Baking the constants in as ``parameter`` literals means changing a rate
requires recompiling.  To vary them at runtime instead, pass the
parameters through the ``ctx`` pointer and recover them in Fortran with
``c_f_pointer``:

.. code-block:: python

   import ctypes

   params = np.array([1000.0 + 200.0j, 1000.0 + 0.0j, 1.0 + 50.0j],
                     dtype=np.complex128)

   src = """
   subroutine reaction_rhs(neq, t, y, dy, par) bind(c)
       use, intrinsic :: iso_c_binding, only: &
           c_int, dp => c_double, cdp => c_double_complex, c_ptr, c_f_pointer
       implicit none
       integer(c_int), value   :: neq
       real(dp), value         :: t    ! unused (autonomous system)
       complex(cdp), intent(in)  :: y(neq)
       complex(cdp), intent(out) :: dy(neq)
       type(c_ptr), value :: par

       complex(cdp), pointer :: p(:) => null()

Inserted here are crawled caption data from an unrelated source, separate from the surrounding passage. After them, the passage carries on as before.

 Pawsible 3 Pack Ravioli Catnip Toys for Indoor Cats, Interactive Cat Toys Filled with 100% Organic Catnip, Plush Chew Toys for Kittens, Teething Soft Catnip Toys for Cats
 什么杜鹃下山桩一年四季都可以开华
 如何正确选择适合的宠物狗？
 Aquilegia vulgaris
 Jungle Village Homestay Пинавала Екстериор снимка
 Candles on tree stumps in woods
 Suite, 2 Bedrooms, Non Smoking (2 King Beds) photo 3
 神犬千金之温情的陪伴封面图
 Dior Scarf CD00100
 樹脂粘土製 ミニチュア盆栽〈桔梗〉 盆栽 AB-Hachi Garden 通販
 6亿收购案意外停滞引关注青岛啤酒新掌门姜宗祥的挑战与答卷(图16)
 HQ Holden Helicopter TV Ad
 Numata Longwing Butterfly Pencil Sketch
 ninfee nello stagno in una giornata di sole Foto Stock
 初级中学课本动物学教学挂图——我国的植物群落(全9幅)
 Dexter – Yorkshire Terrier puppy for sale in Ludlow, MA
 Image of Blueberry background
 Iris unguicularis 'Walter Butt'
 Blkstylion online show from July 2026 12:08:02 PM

       call c_f_pointer(par, p, [3])
       associate (a => p(1), b => p(2), c => p(3))
           dy(1) = -a*y(1) + b*y(2)*y(3)
           dy(2) =  a*y(1) - b*y(2)*y(3) - c*y(2)
           dy(3) =  c*y(2)
       end associate
   end subroutine reaction_rhs
   """

   kinetics = gf.compile(string=src)

   sol = solve_complex_ivp(kinetics.reaction_rhs.ctype, (t0, tf), y0,
                           method="BDF", rtol=1e-8, atol=1e-8,
                           ctx=ctypes.c_void_p(params.ctypes.data))

Keep ``params`` alive for the whole integration so it is not
garbage-collected while the solver is running.  See :ref:`ctx-parameter`
for the general ``ctx`` conventions shared with the numba and
shared-library approaches.

----

.. _ctx-parameter:

Passing parameters with ``ctx``
---------------------------------

The ``ctx`` argument to :func:`~zvode.solve_complex_ivp` is a
``ctypes.c_void_p`` forwarded as the last argument to **both** compiled
callbacks on every invocation.  It lets you parameterise the problem without
global variables.

**Pattern 1 — NumPy array of parameters:**

.. code-block:: python

   import ctypes
   import numpy as np
   from numba import cfunc, carray
   import numba as nb
   import zvode

   params = np.array([-1.0+2.0j, -2.0+1.0j], dtype=np.complex128)
   ctx = ctypes.cast(params.ctypes.data, ctypes.c_void_p)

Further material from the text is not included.